Credit: Liz Gerard, sub-scribe.co.uk

It is perhaps no great surprise that, asked to spend some time at Taylor House immigration tribunal recently, the pithy headline for Mail reporter Sue Reid’s subsequent splash read as follows:

Can it be true that crooked lawyers are helping asylum seeking ‘liars’ abuse our generosity? That’s the disturbing claim of a retiring tribunal judge. SUE REID spent days observing cases and was horrified by what she found.

The assignment followed comments made by a retired immigration judge that regulators were “overwhelmed” by reports of malpractice by immigration lawyers, based on his experience of attempting to report one such case some years ago.

In Ms Reid’s article, strangely interspersed with unreferenced anecdotes about foreign criminals escaping deportation (none of the cases she goes on to cover concerned criminality or deportation), she describes her experience of sitting in an immigration tribunal over three days and listening to proceedings.

In particular, she tells of three cases– all human rights and asylum claims — which appear to confirm her worst fears about the UK migration system, and raising concerns that the appellants and/or their lawyers in each case were not being honest about the presented evidence.

Now, on Free Movement we don’t tend to engage with tabloid coverage of migration issues. Otherwise we would all be angry, all of the time. We feel obliged, however, to make the following points.

1. The regulator is not overwhelmed by complaints about immigration lawyers

Firstly, the Solicitors Regulatory Authority (SRA) which hears complaints about malpractice by lawyers is patently not overwhelmed by complaints about immigration lawyers.

Out of approximately 84,000 complaints made about lawyers to the SRA since 2011, fewer than 3% were concerned with immigration, according to the regulator’s own figures (obtained by the lawyer Shoaib M Khan).

Confusingly, the Mail mentions punishments that have been dished out to practitioners by the regulator for exactly the conduct which it deprecates, which surely shows that the system is operating as it should. But, again, the SRA is hardly having immigration lawyers on toast on a daily basis: the number of complaints upheld over the past few years range from between 5 and 14 annually.

2. Far from being a waste of time, half of all immigration appeals succeed

The historian E.H. Carr once wrote that:

facts are like fish swimming about in a vast and sometimes inaccessible ocean; and what the historian catches will depend, partly on chance, but mainly on what part of the ocean he chooses to fish in and what tackle he chooses to use – these two factors being, of course, determined by the kind of fish he wants to catch.

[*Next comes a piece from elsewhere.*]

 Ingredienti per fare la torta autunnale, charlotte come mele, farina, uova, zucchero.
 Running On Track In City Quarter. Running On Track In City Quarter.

The same applies to journalists. Most tribunal court rooms will hear several substantive cases each per day. The Daily Mail’s reporter spent three days at Taylor House and describes three hearings in which the evidence appeared weak.

The Mail appears not to have witnessed any hearings in which the migrant appeared to have a strong case. But there must have been at least as many: as reported on Free Movement earlier this year, 50% of all First-tier Tribunal appeals against immigration decisions now succeed.

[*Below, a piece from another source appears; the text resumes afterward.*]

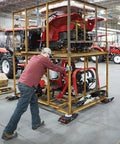 Worker using Heavy Duty Machinery Mover Dolly 26,400-Lb Capacity With 8 Rollers Equipment Skates in factory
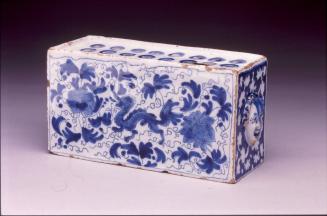 Flower brick with dragon and moulded masks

Plainly the Home Office cannot be trusted to weed out only the weak cases. It routinely denies strong ones — which is exactly why independent judges have the job of deciding on the rights of migrants.

3. Witness credibility is not the entire case

The Mail should also know that it is difficult to draw conclusions about a case based on watching a civil appeal, where the majority of evidence is considered in writing beforehand.

But even if their reporter is right about the credibility of the witnesses in question, the whole point of an adversarial legal hearing is to provide an opportunity for both sides to test the evidence of the other, and for an impartial judge to make a decision as best they can on the evidence available.

It is far from perfect: but if it turned out that individuals were misleading the courts in criminal proceedings, would the Mail be agitating for the abolition of jury trial?

4. The number of immigration appeals is actually falling

The Mail expresses the hope that a recent Supreme Court decision will “reduce queues in our immigration courts”. In fact the government needs no judicial help in assaulting rights of appeal: the number of appeals lodged is the lowest on records. The number of immigration appeals is at the lowest level on record. Around 45,000 appeals were received by the First-tier Tribunal (Immigration and Asylum Chamber) in 2017/18, down 78% from the peak a decade ago.

5. Immigration appeals have nothing to do with the EU

In describing the case of a Bangladeshi man, the Mail states that he:

hoped to stay using European law — enshrined in Britain by the Human Rights Act —which gives the right to a family life.

It would be a shame if Mail readers were unintentionally led to assume that this “European law” was European Union law. The Human Rights Act does not enshrine EU law, but the European Convention on Human Rights, which is separate. Thankfully, it will survive Brexit.

The impact of the Daily Mail

Over the last ten years, immigration law has undoubtedly been shaped by articles like this. Those of us in favour of a humane system are losing the argument. Compared to where we were ten years ago on migrant rights, we have gone backwards on almost all fronts (with Brexit perhaps the greatest reversal since the beginning of immigration control in 1973).

As mentioned above, on this blog at least, we have tended not to engage with such reporting. Is this still the correct approach? I am not sure, but if the Mail’s reporters wishes to speak to an actual immigration lawyer next time it covers immigration law, they are welcome to contact me: nicknason@edgewaterlegal.com.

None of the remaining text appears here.